Cosa sarebbe Israele senza gli Stati Uniti? Cosa sarebbe senza le armi e l’addestramento forniti da Washington a Gerusalemme? Senza gli aerei e i fondi per acquistare materiale bellico da terzi?

Lo ha spiegato bene il Ministro della difesa israeliana, Yoav Gallant, ai suoi colleghi che durante l’ultimo briefing imprecavano contro Joe Biden reo di aver criticato una riforma giudiziaria che piace solo agli estremisti e a chi fa comodo, come al Premier Benjamin Netanyahu.

Stufo di sentire le idiozie sugli Stati Uniti e sulla decisione di centinaia di piloti israeliani riservisti di non partecipare alla riserva volontaria e quindi di non volare mettendo a repentaglio la sicurezza di Israele, ha detto: «l’aeronautica è costruita su due componenti: aerei americani e piloti israeliani. Se avete un’alternativa per uno di loro, fatemi sapere».

Gallant ha aperto improvvisamente gli occhi ai suoi colleghi estremisti che chissà come credono di poter fare a meno del sostegno degli Stati Uniti.

E spero che abbia aperto gli occhi anche a tutti quei giornalisti (e codazzi al seguito) che quotidianamente insultano il Presidente degli Stati Uniti rimpiangendo quel criminale di Donald Trump che oltre a riconoscere Gerusalemme quale capitale di Israele, al pari di Netanyahu non ha fatto poi un gran che, specialmente con l’Iran.

Quel Trump che non ha fatto niente nemmeno dopo un attacco iraniano contro una base americana che tra le altre cose ha provocato il ferimento di 11 militari americani. Un incredibile segno di debolezza e vigliaccheria seguito da altri episodi minori dove gli Ayatollah hanno fatto quello che volevano, compreso colpire impunemente il più importante alleato dell’America nel Golfo Persico, l’Arabia Saudita.

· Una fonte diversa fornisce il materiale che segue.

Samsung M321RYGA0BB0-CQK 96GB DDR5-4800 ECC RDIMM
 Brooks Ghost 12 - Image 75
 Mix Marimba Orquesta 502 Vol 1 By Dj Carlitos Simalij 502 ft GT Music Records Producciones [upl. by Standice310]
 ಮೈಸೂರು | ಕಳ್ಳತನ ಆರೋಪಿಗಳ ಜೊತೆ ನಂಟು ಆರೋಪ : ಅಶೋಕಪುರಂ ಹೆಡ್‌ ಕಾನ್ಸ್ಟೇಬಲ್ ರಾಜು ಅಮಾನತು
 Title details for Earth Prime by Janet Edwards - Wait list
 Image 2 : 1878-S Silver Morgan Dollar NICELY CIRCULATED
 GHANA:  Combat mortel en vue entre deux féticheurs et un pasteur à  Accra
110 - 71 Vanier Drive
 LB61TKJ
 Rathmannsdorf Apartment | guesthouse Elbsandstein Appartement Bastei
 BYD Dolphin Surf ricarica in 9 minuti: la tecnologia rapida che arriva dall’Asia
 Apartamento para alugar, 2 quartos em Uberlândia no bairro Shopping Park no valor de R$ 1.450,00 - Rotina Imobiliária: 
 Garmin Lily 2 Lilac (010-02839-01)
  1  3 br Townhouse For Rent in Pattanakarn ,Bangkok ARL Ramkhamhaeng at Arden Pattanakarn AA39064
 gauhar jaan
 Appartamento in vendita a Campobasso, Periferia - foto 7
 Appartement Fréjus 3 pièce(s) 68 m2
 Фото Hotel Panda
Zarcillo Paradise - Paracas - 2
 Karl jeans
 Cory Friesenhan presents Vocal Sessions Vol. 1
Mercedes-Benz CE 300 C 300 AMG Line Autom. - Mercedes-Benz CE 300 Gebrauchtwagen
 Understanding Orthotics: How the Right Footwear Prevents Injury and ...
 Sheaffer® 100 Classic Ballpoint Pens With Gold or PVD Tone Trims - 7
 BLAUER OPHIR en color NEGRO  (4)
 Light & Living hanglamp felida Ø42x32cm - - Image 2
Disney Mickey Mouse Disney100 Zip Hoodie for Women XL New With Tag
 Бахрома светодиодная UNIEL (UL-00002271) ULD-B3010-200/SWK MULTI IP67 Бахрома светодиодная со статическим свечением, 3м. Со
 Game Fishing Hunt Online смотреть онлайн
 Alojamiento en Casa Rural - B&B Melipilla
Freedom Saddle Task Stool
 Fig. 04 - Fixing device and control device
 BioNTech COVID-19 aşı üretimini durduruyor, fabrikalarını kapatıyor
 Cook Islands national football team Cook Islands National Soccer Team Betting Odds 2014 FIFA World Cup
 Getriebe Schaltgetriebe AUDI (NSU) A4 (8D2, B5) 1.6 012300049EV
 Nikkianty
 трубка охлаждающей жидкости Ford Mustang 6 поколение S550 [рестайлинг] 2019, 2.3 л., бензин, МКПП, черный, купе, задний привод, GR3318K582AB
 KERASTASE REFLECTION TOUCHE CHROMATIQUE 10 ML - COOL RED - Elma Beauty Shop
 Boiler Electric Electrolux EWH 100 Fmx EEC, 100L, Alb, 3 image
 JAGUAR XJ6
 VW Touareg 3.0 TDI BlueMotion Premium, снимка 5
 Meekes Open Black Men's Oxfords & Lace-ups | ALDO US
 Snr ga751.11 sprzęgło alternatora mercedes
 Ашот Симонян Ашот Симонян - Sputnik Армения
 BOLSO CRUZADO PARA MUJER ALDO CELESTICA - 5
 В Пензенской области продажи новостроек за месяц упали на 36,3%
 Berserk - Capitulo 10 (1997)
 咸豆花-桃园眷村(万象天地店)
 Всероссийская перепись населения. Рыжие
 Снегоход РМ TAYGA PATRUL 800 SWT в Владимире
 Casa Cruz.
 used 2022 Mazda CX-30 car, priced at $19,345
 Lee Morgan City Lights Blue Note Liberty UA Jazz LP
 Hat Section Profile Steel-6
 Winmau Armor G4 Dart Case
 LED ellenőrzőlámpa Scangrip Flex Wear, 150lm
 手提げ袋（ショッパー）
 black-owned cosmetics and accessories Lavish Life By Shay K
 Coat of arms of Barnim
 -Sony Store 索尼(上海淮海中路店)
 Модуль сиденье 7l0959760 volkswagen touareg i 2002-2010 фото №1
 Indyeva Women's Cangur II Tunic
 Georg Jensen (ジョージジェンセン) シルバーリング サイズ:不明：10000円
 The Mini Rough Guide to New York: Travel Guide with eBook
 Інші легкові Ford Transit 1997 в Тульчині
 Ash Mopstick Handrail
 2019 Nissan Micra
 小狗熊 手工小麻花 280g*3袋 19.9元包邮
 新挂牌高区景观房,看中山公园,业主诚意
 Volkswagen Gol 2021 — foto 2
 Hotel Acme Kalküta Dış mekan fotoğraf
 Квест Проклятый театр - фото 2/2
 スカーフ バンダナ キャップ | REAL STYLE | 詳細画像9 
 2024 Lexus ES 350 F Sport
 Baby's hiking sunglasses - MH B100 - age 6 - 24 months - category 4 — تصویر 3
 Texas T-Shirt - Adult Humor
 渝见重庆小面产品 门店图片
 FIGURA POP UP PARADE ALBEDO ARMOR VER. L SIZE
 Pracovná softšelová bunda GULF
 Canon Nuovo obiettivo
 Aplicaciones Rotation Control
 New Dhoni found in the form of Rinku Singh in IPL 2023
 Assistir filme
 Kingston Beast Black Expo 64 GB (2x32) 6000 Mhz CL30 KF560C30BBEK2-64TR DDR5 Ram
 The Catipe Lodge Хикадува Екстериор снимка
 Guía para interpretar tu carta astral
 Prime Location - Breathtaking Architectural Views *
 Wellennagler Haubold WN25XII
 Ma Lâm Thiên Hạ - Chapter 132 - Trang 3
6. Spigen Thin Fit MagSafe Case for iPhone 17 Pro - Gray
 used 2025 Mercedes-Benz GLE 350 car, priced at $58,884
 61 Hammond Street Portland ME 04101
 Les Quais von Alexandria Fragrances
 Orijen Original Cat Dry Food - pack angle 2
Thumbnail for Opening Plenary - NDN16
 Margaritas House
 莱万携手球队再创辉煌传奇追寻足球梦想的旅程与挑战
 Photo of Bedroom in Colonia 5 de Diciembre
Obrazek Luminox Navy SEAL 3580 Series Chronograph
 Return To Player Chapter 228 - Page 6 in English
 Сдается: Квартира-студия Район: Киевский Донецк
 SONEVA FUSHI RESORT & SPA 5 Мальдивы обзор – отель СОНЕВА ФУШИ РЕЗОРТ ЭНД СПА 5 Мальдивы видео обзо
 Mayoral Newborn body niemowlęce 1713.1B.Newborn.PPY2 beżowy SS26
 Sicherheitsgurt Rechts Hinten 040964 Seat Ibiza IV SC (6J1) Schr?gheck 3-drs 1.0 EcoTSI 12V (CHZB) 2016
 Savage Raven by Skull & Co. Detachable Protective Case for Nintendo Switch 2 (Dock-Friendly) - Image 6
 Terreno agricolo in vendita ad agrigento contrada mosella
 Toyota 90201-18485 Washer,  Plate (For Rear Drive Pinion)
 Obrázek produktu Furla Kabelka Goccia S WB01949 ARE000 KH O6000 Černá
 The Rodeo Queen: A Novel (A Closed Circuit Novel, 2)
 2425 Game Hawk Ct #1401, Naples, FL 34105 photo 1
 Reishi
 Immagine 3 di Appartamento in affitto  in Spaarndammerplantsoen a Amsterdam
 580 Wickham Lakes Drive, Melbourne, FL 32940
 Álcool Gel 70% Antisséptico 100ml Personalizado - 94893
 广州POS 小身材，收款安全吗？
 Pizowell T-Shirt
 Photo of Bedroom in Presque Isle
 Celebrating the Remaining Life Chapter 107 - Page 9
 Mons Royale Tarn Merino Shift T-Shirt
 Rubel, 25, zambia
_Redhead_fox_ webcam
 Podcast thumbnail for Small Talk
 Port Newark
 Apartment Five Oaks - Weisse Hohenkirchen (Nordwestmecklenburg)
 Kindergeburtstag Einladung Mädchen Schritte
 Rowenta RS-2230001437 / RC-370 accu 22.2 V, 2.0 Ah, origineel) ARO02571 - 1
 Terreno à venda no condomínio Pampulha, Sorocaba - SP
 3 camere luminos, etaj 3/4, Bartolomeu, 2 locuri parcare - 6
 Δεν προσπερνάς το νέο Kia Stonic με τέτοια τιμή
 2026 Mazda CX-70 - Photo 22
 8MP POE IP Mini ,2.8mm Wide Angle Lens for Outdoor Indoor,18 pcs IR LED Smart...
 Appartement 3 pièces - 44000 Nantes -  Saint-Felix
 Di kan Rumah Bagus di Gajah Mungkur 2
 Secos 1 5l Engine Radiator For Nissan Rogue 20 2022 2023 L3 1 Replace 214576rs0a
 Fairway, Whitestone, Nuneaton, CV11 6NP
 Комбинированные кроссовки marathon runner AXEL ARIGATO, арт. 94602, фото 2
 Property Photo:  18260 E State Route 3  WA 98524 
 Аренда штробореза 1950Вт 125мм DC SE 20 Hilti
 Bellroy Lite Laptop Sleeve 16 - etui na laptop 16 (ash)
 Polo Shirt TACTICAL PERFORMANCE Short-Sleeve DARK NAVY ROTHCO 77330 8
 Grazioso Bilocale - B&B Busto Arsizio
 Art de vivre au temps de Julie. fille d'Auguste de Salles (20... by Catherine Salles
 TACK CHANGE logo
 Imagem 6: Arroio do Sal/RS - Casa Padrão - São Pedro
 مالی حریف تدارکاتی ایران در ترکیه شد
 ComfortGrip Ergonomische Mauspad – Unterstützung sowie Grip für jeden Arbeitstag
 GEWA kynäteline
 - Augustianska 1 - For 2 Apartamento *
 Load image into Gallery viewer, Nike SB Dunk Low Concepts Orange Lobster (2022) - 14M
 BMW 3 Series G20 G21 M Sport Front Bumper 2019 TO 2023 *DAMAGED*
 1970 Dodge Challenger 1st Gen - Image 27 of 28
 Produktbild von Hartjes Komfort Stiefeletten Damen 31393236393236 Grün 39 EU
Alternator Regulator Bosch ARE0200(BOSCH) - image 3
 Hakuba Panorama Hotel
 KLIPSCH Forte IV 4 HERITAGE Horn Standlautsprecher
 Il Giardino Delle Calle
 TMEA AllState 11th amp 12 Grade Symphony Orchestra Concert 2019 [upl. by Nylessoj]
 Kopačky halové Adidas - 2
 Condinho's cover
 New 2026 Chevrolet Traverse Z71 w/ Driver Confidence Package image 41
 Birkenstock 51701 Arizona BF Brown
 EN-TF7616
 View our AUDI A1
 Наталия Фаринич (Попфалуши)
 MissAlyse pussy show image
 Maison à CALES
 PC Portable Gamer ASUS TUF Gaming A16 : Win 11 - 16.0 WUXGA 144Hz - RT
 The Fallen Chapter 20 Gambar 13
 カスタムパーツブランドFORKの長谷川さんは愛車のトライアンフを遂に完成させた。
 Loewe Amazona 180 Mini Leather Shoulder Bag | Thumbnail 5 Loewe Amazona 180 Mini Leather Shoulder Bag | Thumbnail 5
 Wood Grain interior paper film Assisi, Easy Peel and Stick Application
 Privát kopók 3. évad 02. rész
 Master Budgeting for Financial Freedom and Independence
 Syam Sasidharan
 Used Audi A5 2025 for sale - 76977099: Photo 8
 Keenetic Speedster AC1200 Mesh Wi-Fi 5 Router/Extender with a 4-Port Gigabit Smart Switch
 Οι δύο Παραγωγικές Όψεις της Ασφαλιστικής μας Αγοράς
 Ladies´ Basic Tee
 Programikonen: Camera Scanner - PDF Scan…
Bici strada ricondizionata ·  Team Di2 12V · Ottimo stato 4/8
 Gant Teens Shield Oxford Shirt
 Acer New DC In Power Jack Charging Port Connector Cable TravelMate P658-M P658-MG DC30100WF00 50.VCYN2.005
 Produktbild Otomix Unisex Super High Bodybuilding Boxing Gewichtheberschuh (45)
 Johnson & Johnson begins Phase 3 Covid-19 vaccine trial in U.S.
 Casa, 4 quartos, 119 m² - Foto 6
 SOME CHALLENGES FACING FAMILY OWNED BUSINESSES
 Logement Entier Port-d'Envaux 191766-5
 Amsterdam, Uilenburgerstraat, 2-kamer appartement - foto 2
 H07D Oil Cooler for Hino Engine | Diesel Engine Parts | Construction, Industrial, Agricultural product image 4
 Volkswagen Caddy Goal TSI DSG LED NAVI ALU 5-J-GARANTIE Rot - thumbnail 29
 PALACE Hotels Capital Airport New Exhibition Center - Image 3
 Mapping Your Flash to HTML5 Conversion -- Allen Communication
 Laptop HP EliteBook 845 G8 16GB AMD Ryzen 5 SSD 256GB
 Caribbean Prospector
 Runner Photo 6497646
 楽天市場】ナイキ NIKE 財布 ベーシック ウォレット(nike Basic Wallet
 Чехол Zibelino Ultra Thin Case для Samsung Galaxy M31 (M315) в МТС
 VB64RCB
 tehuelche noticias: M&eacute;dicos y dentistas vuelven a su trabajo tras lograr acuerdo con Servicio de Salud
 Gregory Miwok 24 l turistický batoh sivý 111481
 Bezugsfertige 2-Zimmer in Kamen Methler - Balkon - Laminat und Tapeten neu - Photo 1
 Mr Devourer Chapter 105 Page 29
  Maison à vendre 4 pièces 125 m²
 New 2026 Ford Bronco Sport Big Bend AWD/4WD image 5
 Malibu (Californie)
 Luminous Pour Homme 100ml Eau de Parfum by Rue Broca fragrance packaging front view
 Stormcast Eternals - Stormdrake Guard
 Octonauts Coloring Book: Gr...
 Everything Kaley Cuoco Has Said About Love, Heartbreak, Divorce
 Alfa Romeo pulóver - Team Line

Ora, per tutti coloro che rimpiangono Trump vale la pena ricordare che fu l’odiato Obama (odiato anche dal sottoscritto), poco prima della fine del suo secondo mandato, ha firmare il pacchetto decennale di 38 miliardi di dollari in aiuti militari a favore di Israele e che Trump si limitò solo a “consegnarlo”.

Proprio oggi Israele conferma l’acquisto di altri 25 caccia F-35 dagli Stati Uniti ad ulteriore riprova che lo Stato Ebraico non potrebbe difendersi senza l’indispensabile appoggio di Washington.

Ora, se Netanyahu per i suoi affari mette in discussione l’alleanza con gli Stati Uniti, è grave dargli del pazzo incosciente? Se gli estremisti di destra e gli ultra-ortodossi al governo con lui insultano quotidianamente il Presidente Biden perché, da alleato, si permette di fare una critica legittima alla riforma giudiziaria israeliana, cosa bisogna attendersi dal futuro delle relazioni tra Gerusalemme e Washington? È sbagliato dire, come fa David Horovitz, che Netanyahu sta portando Israele verso l’autodistruzione?

Cosa pensano di fare senza gli Stati Uniti tutti quei leoni da tastiera che ogni giorno insultano il Presidente americano o sognano addirittura il ritorno del golpista Trump?

Con questo voglio dire che mi piace Joe Biden? Nemmeno per idea, così come non mi piaceva Barack Obama, ma da qui a mettere in discussione il sostegno americano a Israele e le relazioni tra Washington e Gerusalemme ce ne passa.